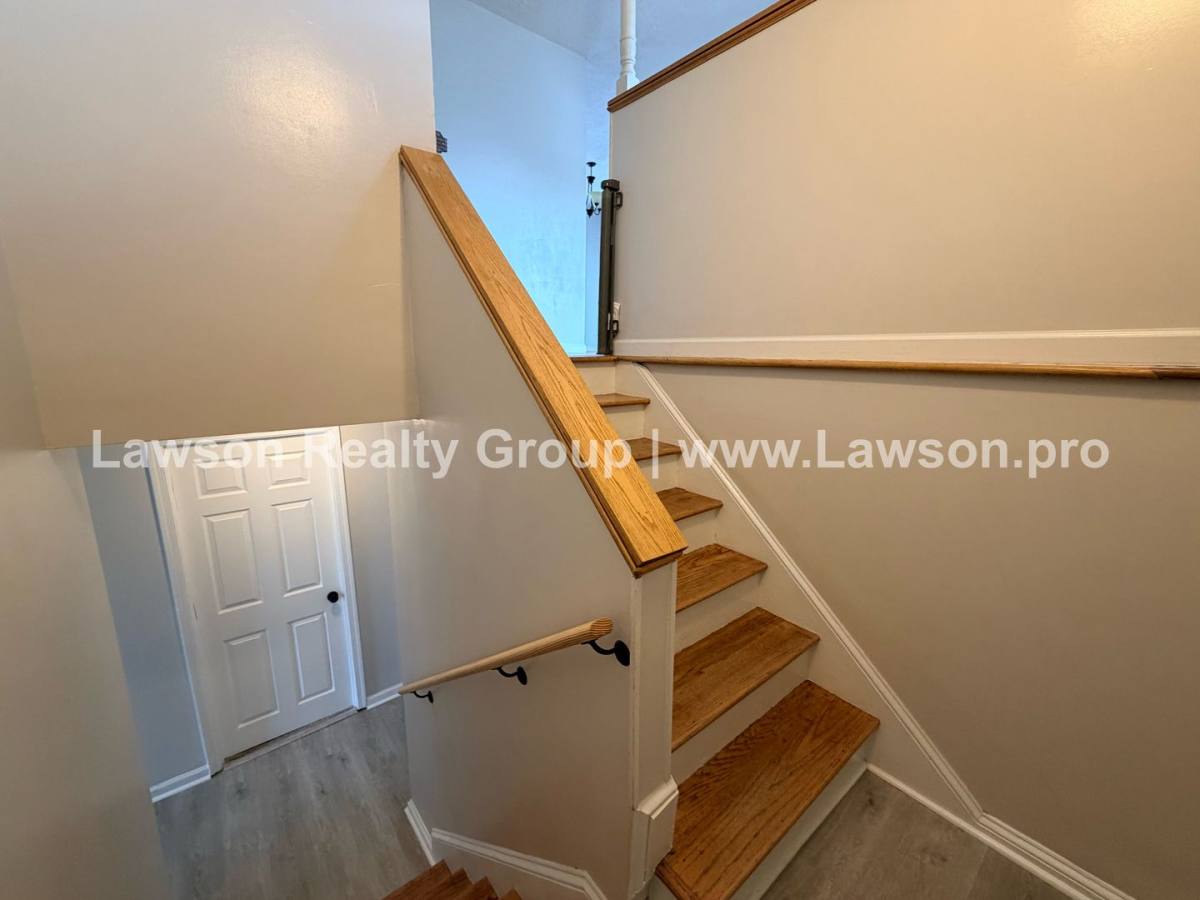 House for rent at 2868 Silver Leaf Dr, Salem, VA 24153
========================================
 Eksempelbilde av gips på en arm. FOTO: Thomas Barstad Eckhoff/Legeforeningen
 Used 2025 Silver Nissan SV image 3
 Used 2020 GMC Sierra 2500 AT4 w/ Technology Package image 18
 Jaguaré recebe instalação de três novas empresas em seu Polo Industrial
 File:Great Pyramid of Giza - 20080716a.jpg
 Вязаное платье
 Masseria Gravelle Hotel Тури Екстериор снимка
========================================
■ Task requirements: Give back the records above exactly, limited to the lines between the one holding "Used 2025 Silver Nissan SV image 3" and the one holding "Masseria Gravelle Hotel", inclusive.

■ Expected answer:
 Used 2025 Silver Nissan SV image 3
 Used 2020 GMC Sierra 2500 AT4 w/ Technology Package image 18
 Jaguaré recebe instalação de três novas empresas em seu Polo Industrial
 File:Great Pyramid of Giza - 20080716a.jpg
 Вязаное платье
 Masseria Gravelle Hotel Тури Екстериор снимка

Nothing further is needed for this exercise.